Merriam-Webster chooses its Word of the Year based on lookup volume on its website, and Editor at Large Peter Sokolowski said searches for “vaccine” increased by 600% in 2021. While M-W’s data showed lots of look-ups around the arrival of the Covid-19 vaccine at the top of 2021 — because even life-saving medicine is somehow controversial these days — the dictionary noted that searches for “vaccine” remained prominent in relation to the increased politicization of the jab.
“[T]he story is about much more than medicine,” Sokolowski said in a statement. “It was at the center of debates about personal choice, political affiliation, professional regulations, school safety, healthcare inequity, and so much more. The biggest science event of the year quickly became the biggest political debate in our country, and the word at the center of both stories is vaccine. Few words can express so much about one moment in time.”

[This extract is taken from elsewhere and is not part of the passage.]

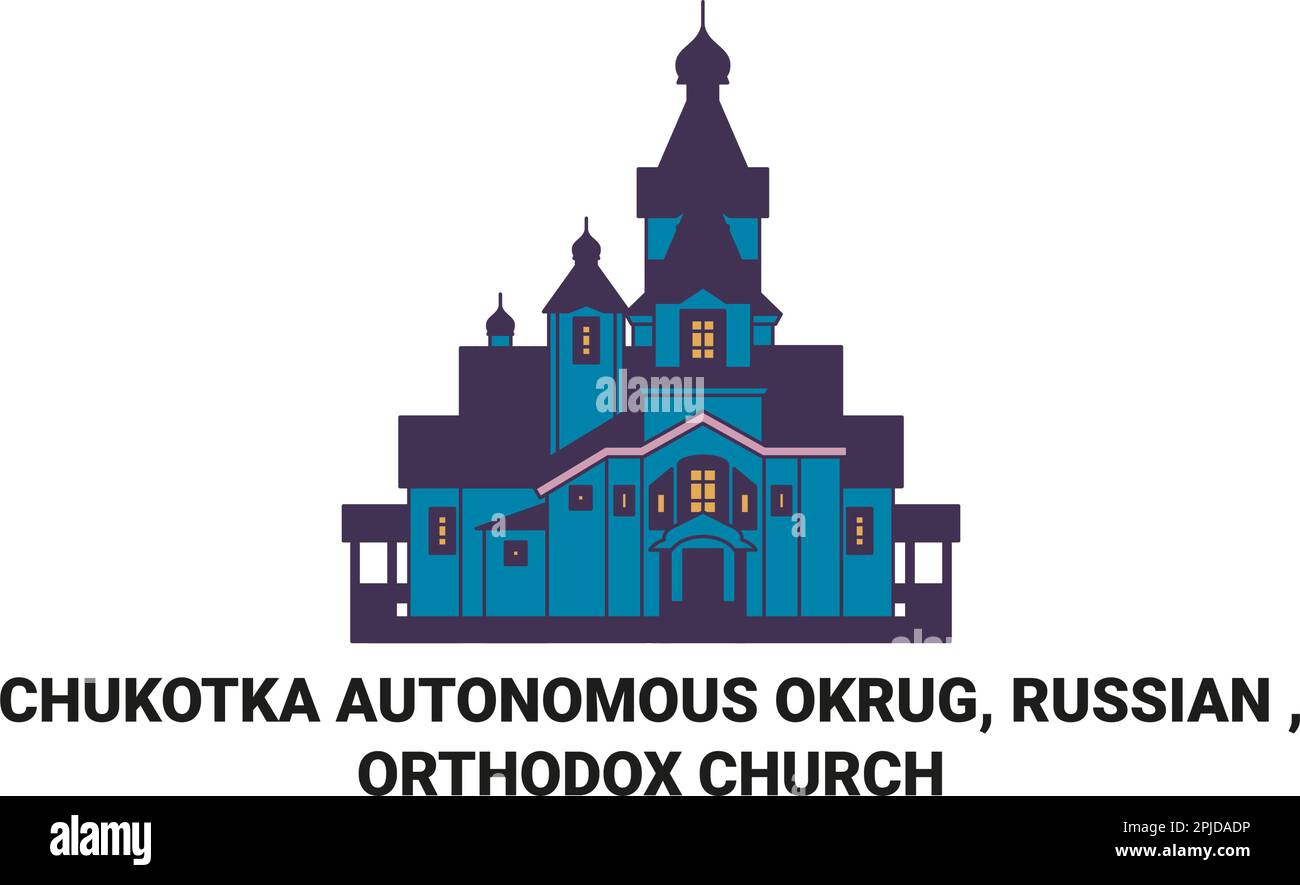 Russland, Autonomer Okrug von Tschukotka, orthodoxe Kirche reisen Wahrzeichen-Vektordarstellung Stock Vektor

Merriam-Webster said searches for “vaccine” first rose in January as the first Covid-19 vaccines were being distributed. More interestingly, though, the publisher said searches spiked again in August as some states issued vaccine mandates, while in September President Joe Biden issued an executive order requiring federal employees be vaccinated. Searches remained high throughout the rest of the year as booster shots were recommended and kids became eligible for the Covid vaccine.
On its website, Merriam-Webster shared 10 other Word of the Year contenders, which provide a kind of trip down memory lane for 2021 (how enjoyable that trip may be is up for debate). Other widely searched words included “insurrection” (tied of course to the Jan. 6 riot at the Capitol), “woke” (which has become a right-wing pejorative for progressives, and saw a spike in the lead up to the November elections), and “meta” (thanks to Facebook’s corporate name-change, combined with increasing chat about the impending “metaverse” phase of the internet).
There were some slightly more fun words on the list, though, including “Nomad,” which saw a spike after Chloe Zhao’s Nomadland won several major Oscars, and “cicada,” searches for which surged like, well, cicadas from the ground, as Brood X resurfaced this summer after living underground for 17 years. And “murraya” — a kind of tropical Asiatic and Australian tree — saw a jump in July after 14-year-old Zaila Avant-garde spelled it correctly to win the 2021 Scripps National Spelling Bee.